### [What you will do]
Pictures are not part of the copy. Reproduce all the records exactly.

### [Data for review]
[Start of Attachment]
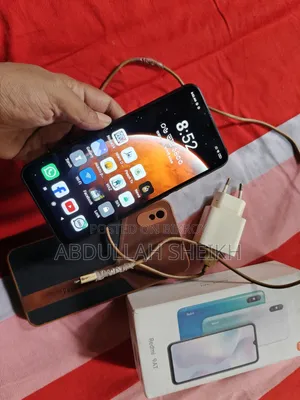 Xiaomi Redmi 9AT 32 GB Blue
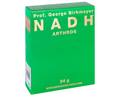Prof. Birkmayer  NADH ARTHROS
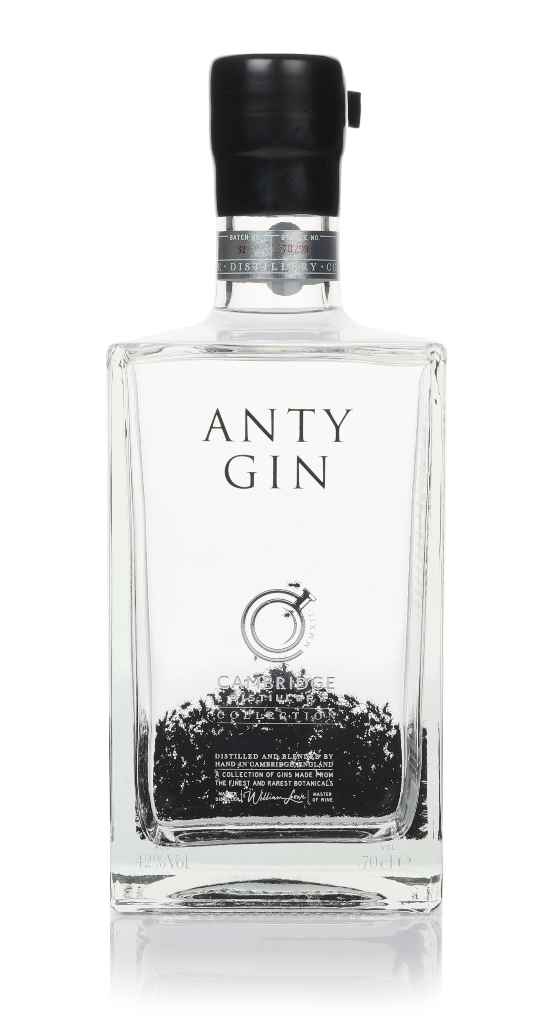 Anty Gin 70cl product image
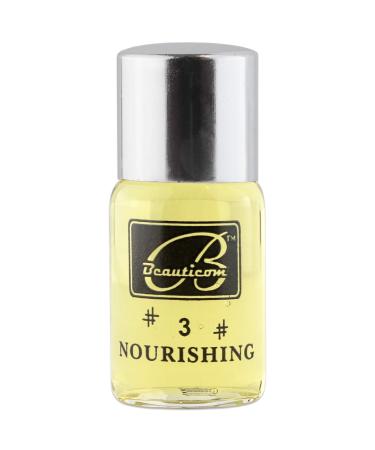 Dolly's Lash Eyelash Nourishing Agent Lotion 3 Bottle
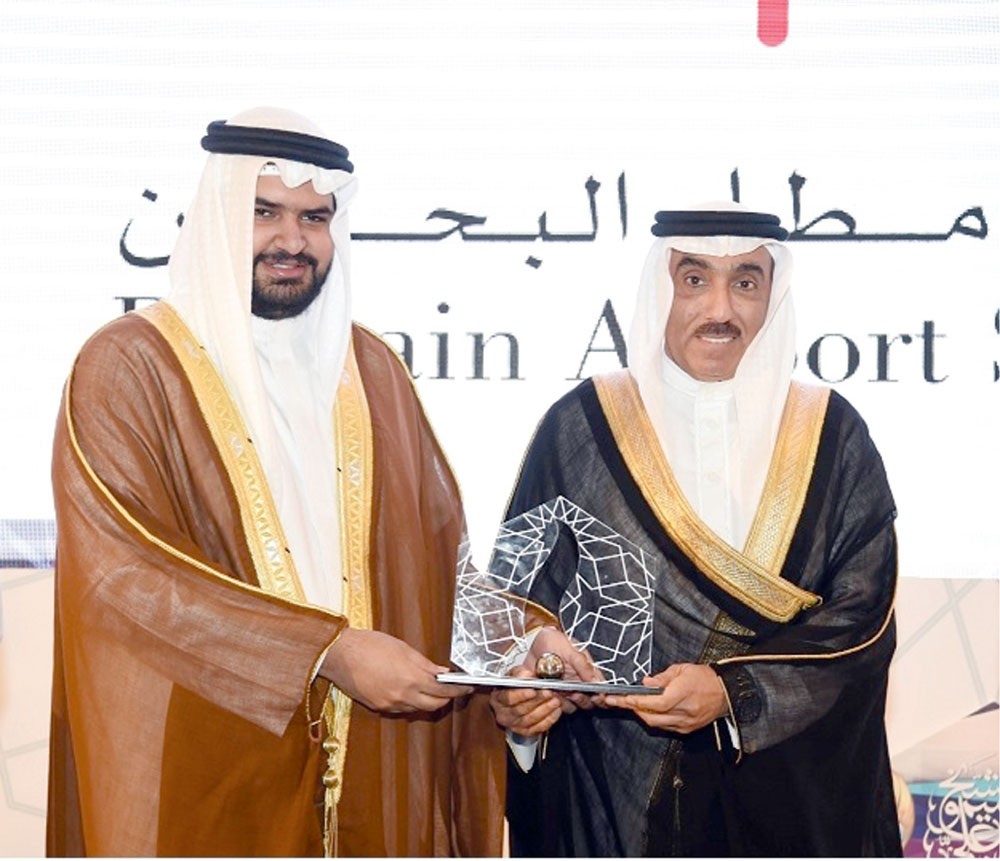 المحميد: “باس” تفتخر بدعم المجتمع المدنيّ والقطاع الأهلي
[End of Attachment]
### [Response below]
 Xiaomi Redmi 9AT 32 GB Blue
Prof. Birkmayer  NADH ARTHROS
 Anty Gin 70cl product image
 Dolly's Lash Eyelash Nourishing Agent Lotion 3 Bottle
 المحميد: “باس” تفتخر بدعم المجتمع المدنيّ والقطاع الأهلي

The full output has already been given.